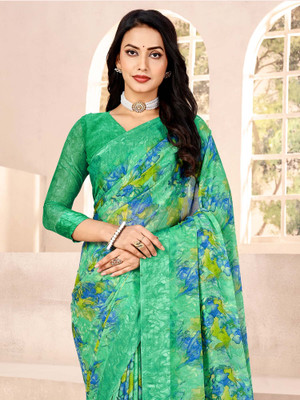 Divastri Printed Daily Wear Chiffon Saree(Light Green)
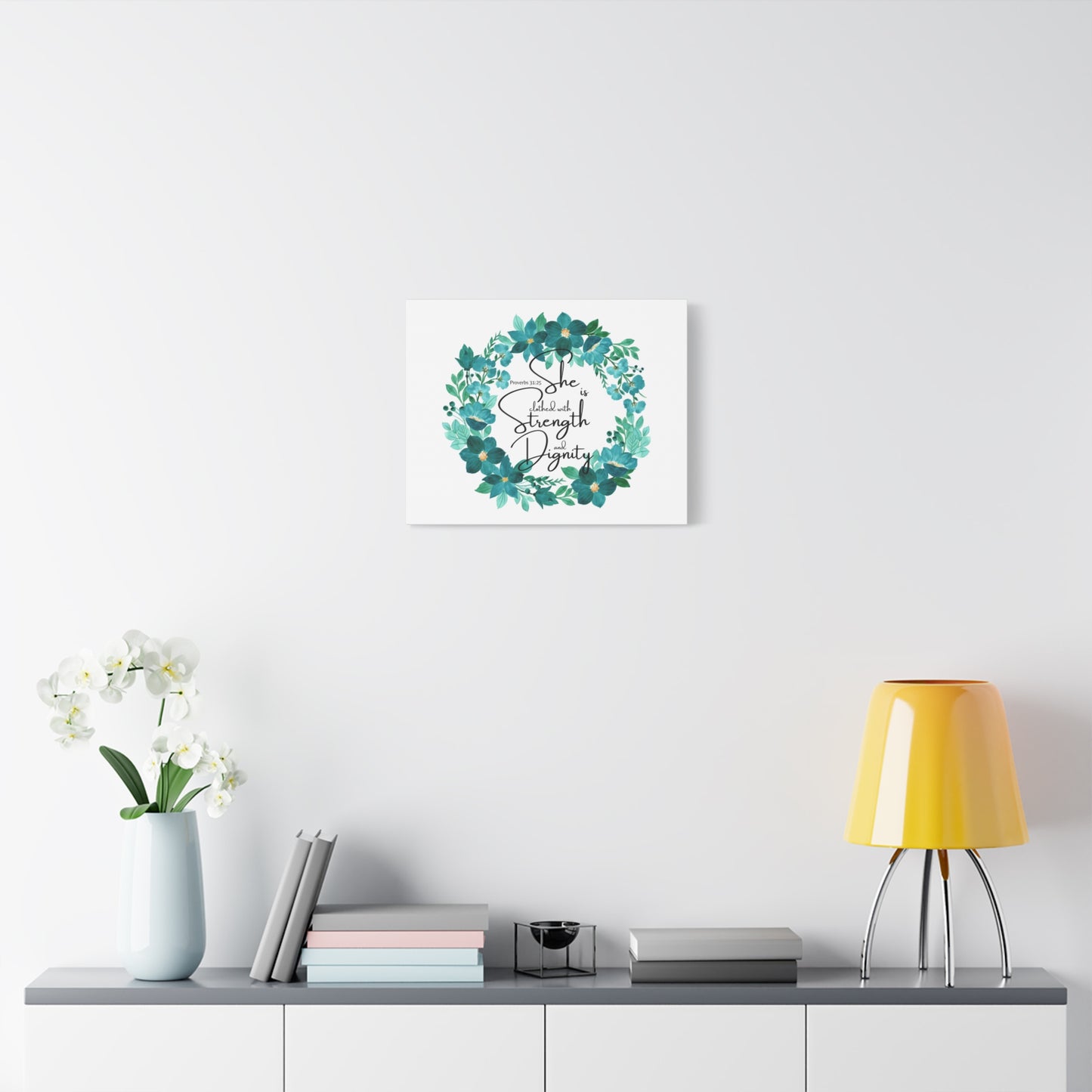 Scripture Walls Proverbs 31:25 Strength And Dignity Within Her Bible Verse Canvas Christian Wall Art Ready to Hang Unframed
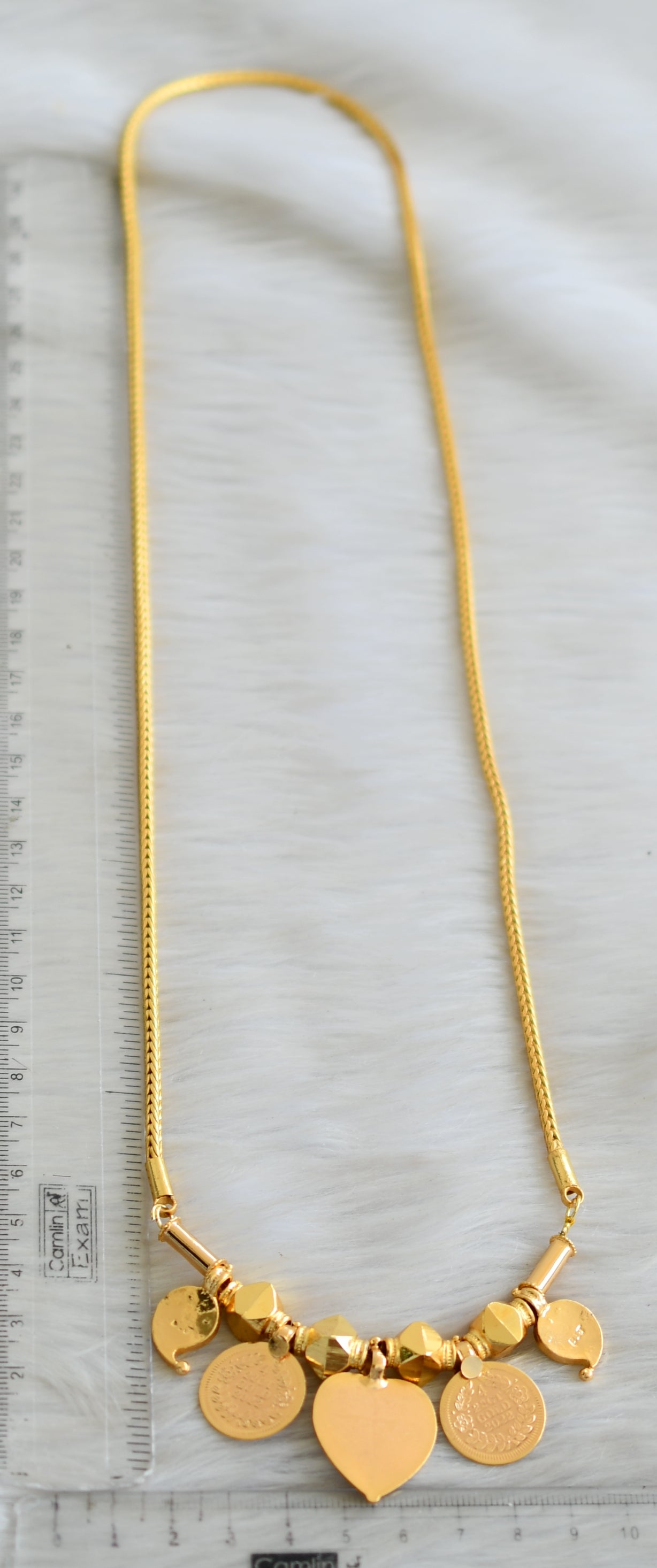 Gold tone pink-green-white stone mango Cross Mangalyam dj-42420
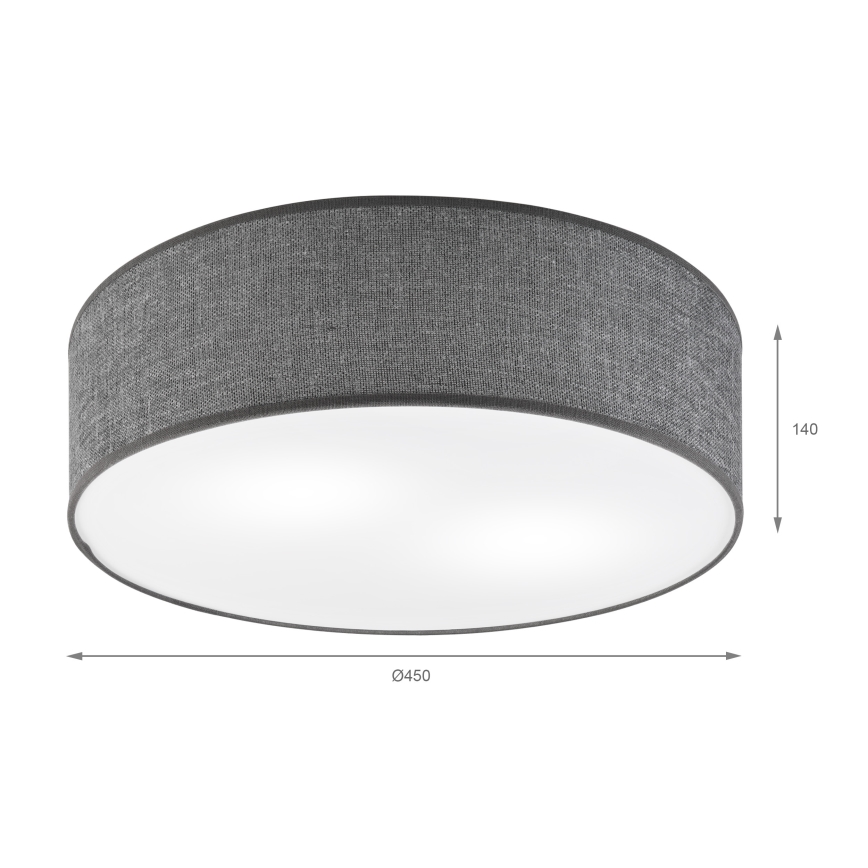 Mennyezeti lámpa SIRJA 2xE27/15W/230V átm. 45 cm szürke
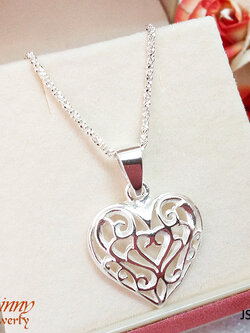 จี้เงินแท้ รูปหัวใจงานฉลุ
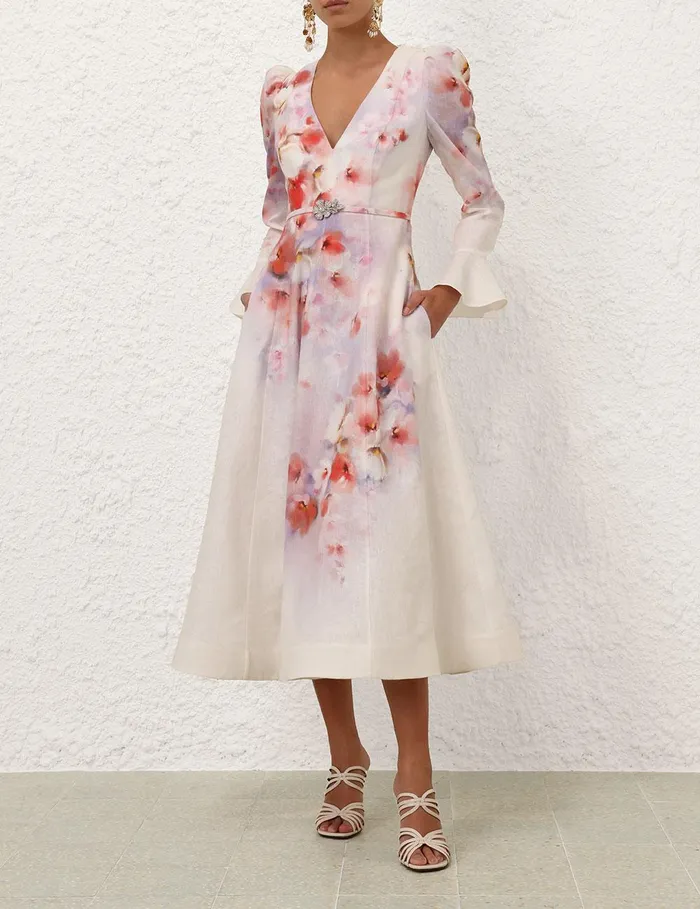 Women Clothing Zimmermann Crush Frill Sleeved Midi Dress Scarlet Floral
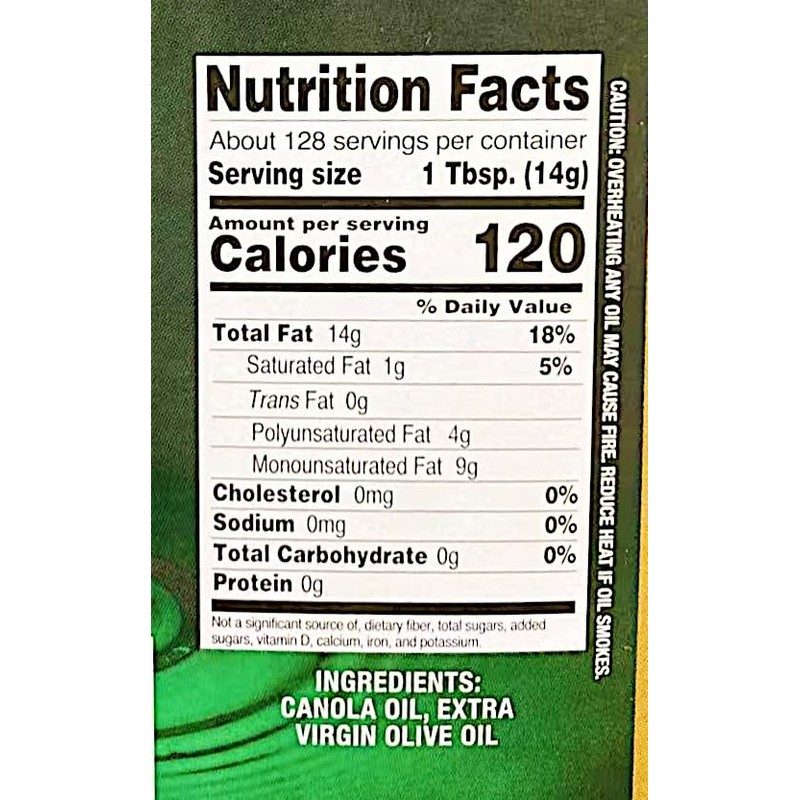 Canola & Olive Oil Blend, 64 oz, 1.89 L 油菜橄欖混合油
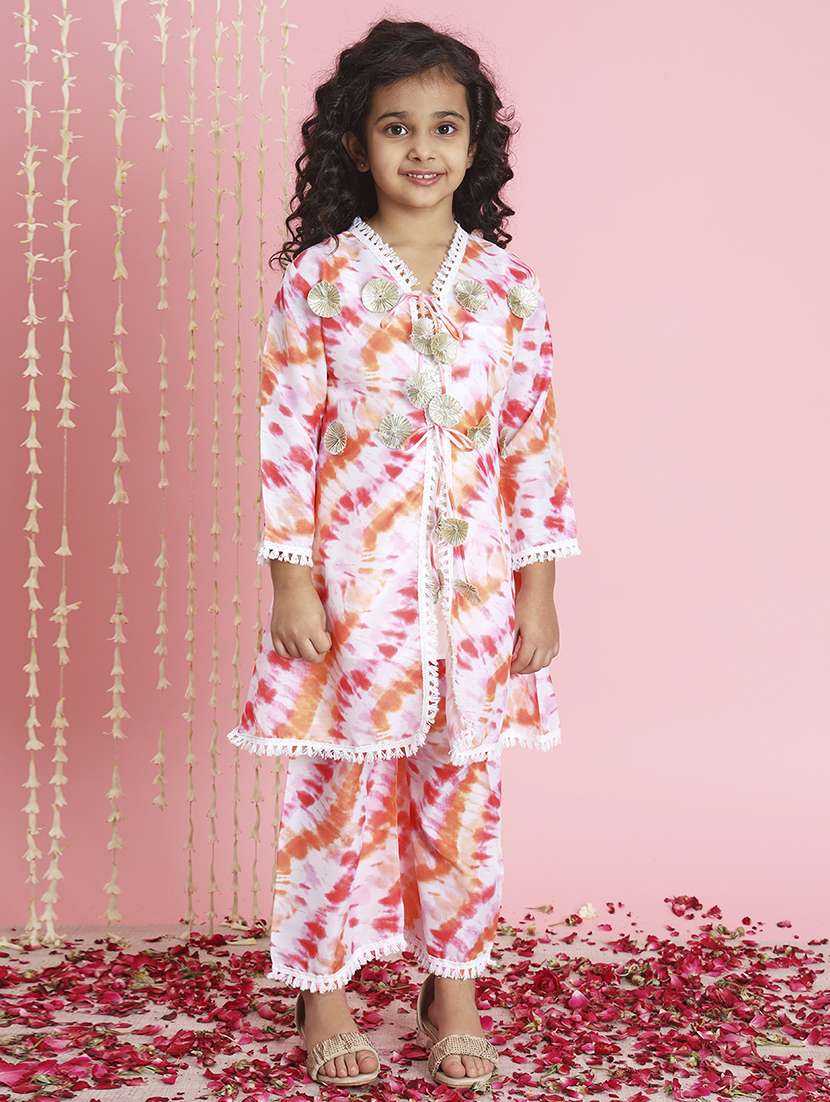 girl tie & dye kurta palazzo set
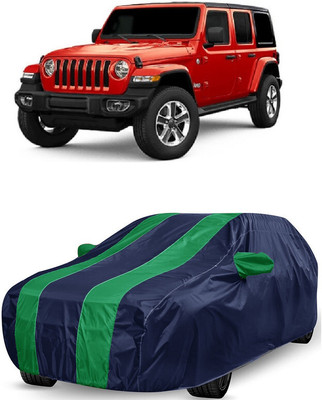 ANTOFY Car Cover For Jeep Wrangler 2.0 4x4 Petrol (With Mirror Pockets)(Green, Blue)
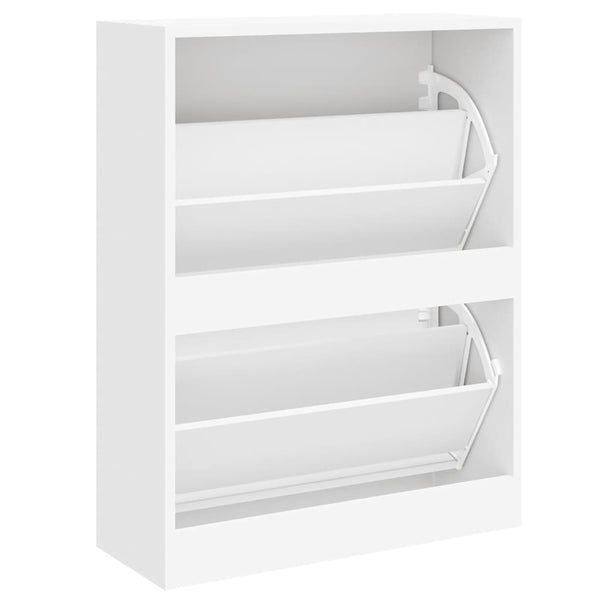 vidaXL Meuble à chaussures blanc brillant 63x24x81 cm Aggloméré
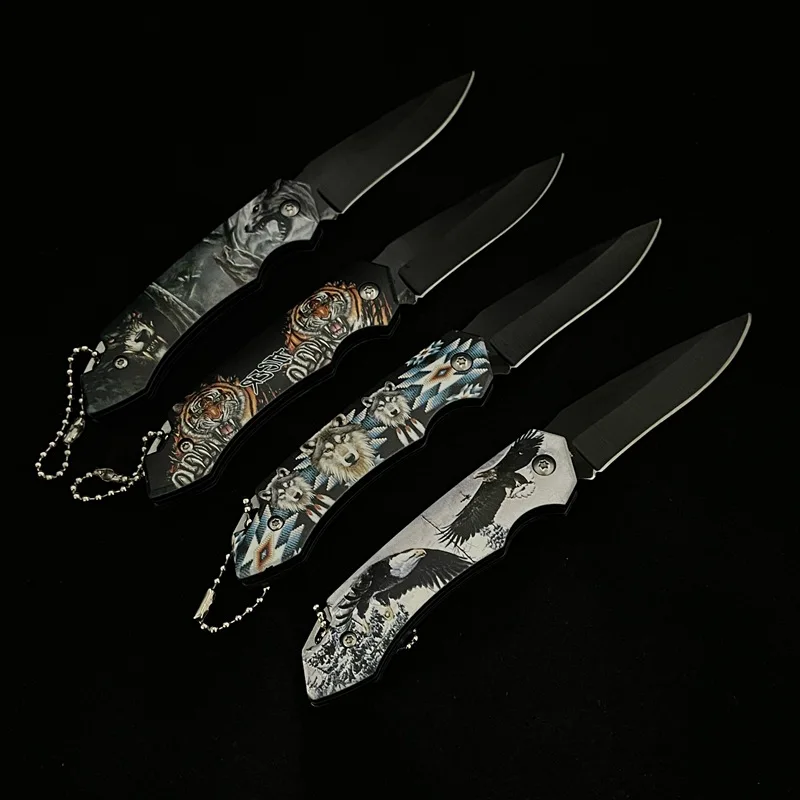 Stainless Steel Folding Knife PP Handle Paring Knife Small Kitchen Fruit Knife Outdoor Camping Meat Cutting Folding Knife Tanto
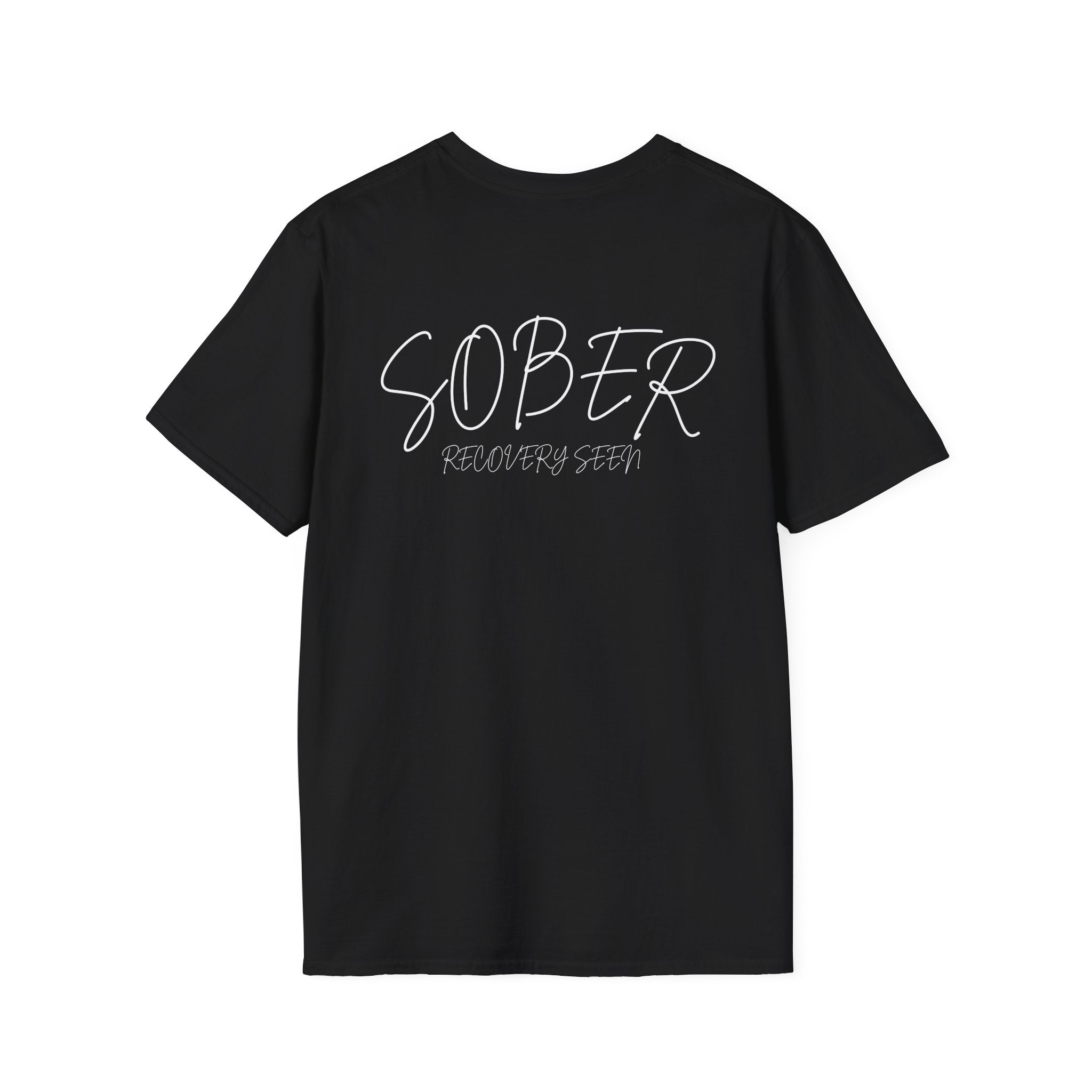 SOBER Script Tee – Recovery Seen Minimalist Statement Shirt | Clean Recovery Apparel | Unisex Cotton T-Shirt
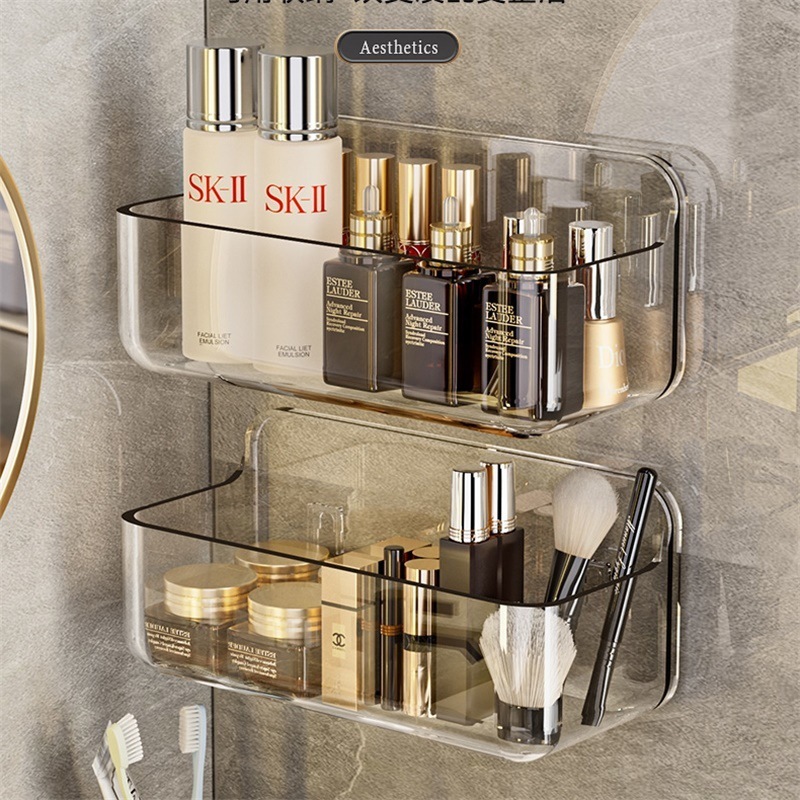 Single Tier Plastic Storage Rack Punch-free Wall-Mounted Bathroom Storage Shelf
------------------------------------------------------------
→ Assigned task
Excerpt from the records above: set down only the lines from the one that contains "Canola & Olive" through the one that contains "vidaXL Meuble à", inclusive, word for word. Pictures stay out.

→ Task answer
 Canola & Olive Oil Blend, 64 oz, 1.89 L 油菜橄欖混合油
 girl tie & dye kurta palazzo set
 ANTOFY Car Cover For Jeep Wrangler 2.0 4x4 Petrol (With Mirror Pockets)(Green, Blue)
 vidaXL Meuble à chaussures blanc brillant 63x24x81 cm Aggloméré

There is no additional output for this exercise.